On the most basic level, sports is about quality. If your players are better than my players, that quality will win out.

But that’s in the pros, over a period of time, assuming the field is level. At a World Cup, strange things can happen that have nothing to do with quality. At every tournament, at least one team you wouldn’t have expected it to bubbles to the top.

If they were playing this thing on paper, Canada squeaks through into the first knockout round and is eliminated. And that’s only because it has the good fortune of playing Qatar, the international footballing equivalent of a bowling pin.

But they aren’t playing it on paper. They’re playing it in Canada in front of Canadians.

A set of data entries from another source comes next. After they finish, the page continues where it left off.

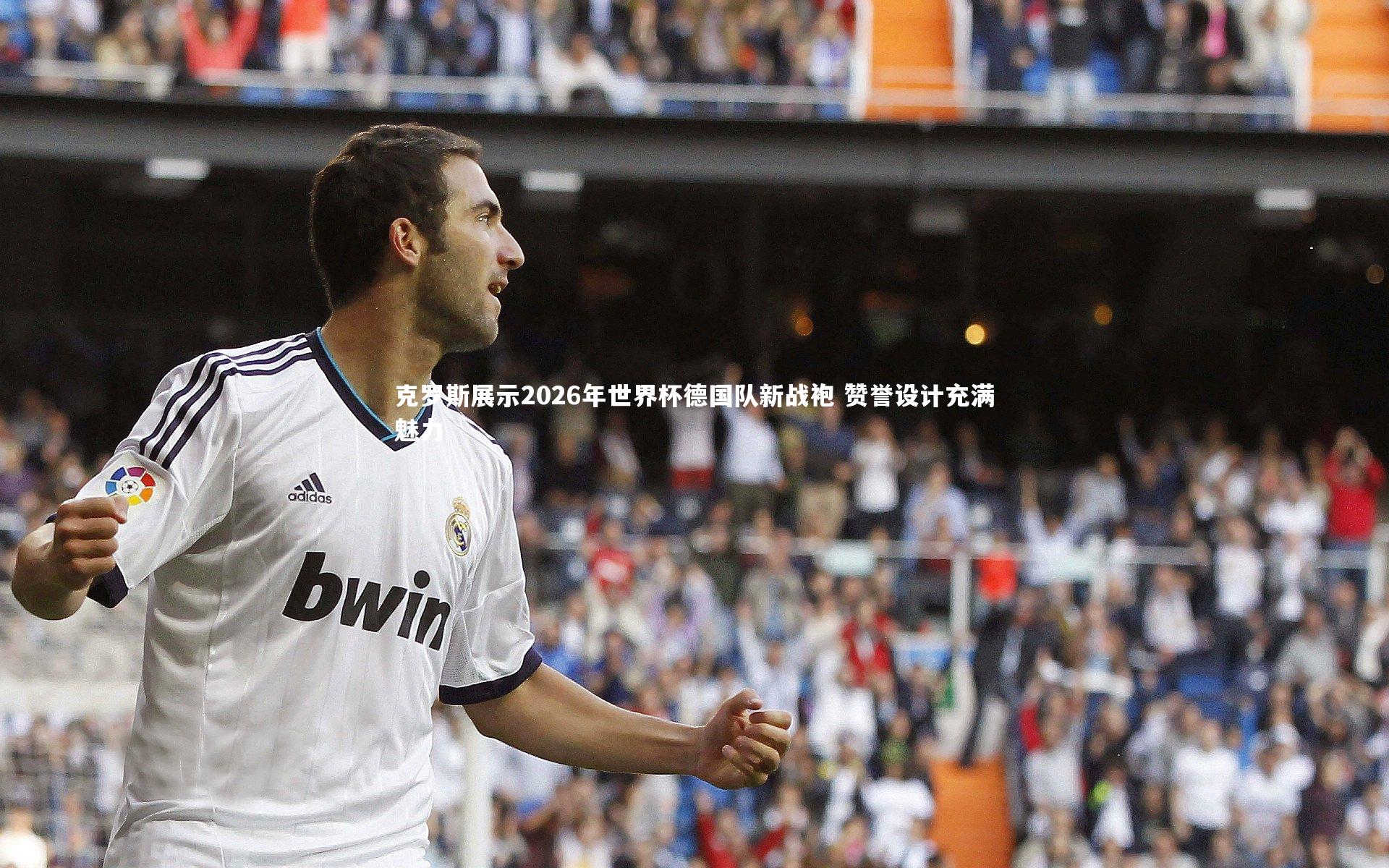 克罗斯展示2026年世界杯德国队新战袍 赞誉设计充满魅力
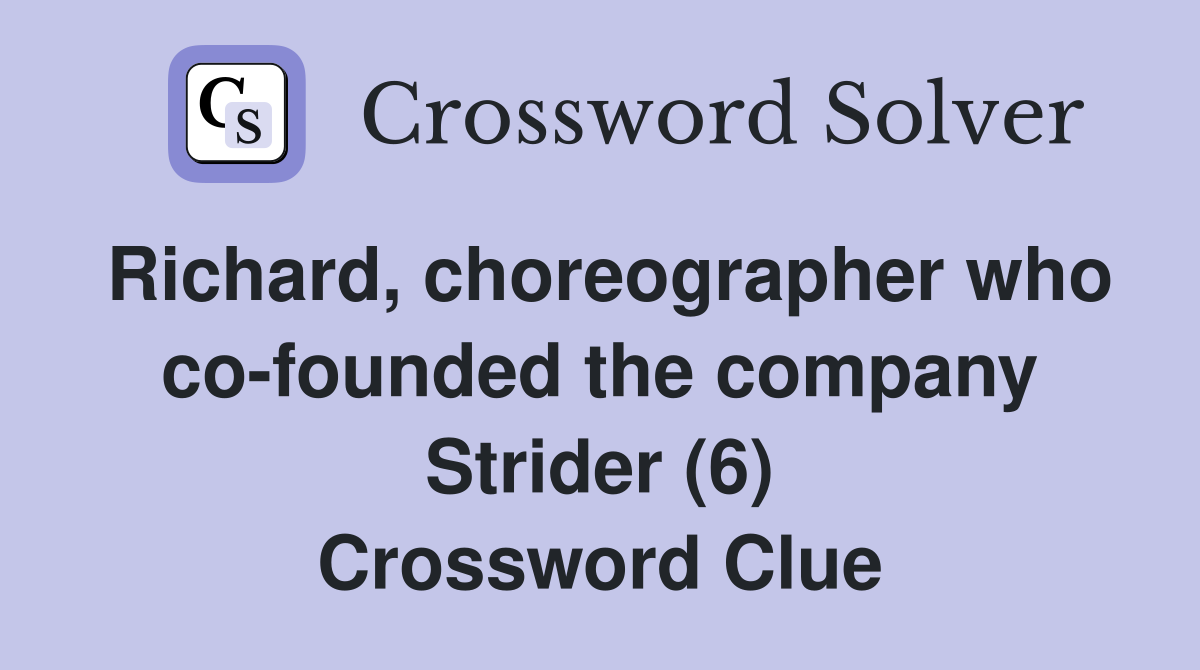 Richard, choreographer who co-founded the company Strider (6) Crossword Clue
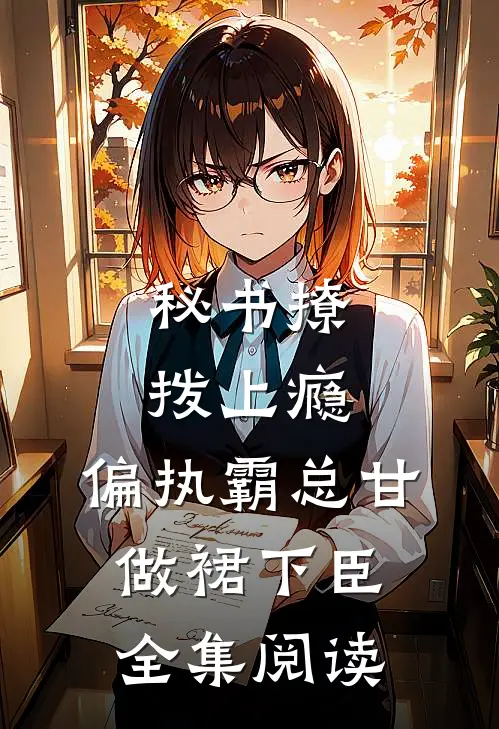 秘书撩拨上瘾，偏执霸总甘做裙下臣全集阅读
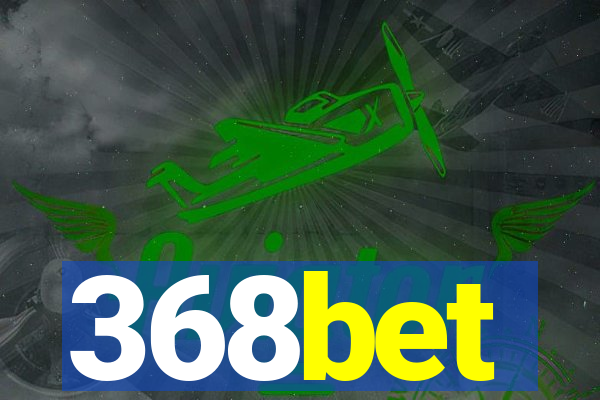 368bet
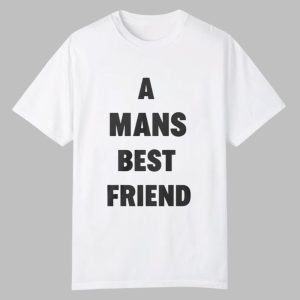 Anabelle A Mans Best Friend Shirt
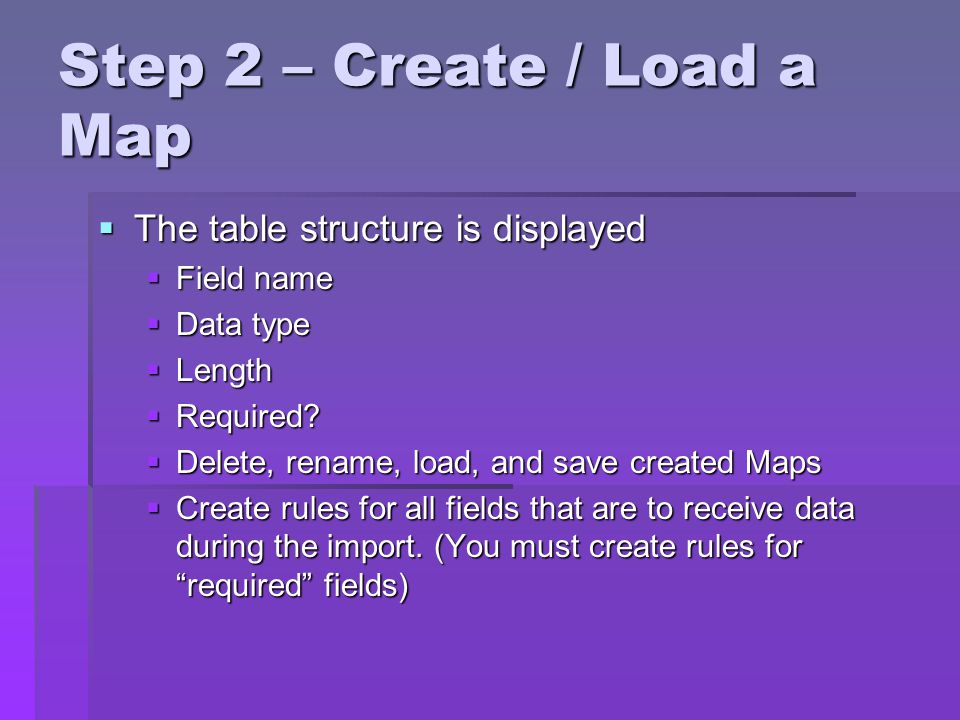 Step 2 – Create / Load a Map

It’s been a long time since Canada held a tournament like this – one that spans the nation, and involves all of the best in the world. It hasn’t happened since Vancouver 2010.

It feels to me like this country has changed since then. Grown more jittery, and less sure of itself. As a result, it is falling back on sports for reassurance. You could feel that undercurrent of hopeful uncertainty during the 4 Nations, the Blue Jays’ run and the Milan Olympics.

Canada wants to believe it’s still a comer. Sports feels like the easiest way to prove that to ourselves.

That’s what Canada’s national men’s soccer team needs to tap in to. That feeling of needing this to work out, rather than wanting it to. It’s what drives the best soccer nations – many of them also deeply unsure that things will be okay. At the very top of any endeavour, it’s that frisson between ability and insecurity that drives the best.

Chuchu’s right. Canada’s not going to make the semis. But they wouldn’t have to get that far to give this country a great moment of sporting catharsis. If they do, every person Bassong stopped for on Monday will be able to say they were there, and they were part of it.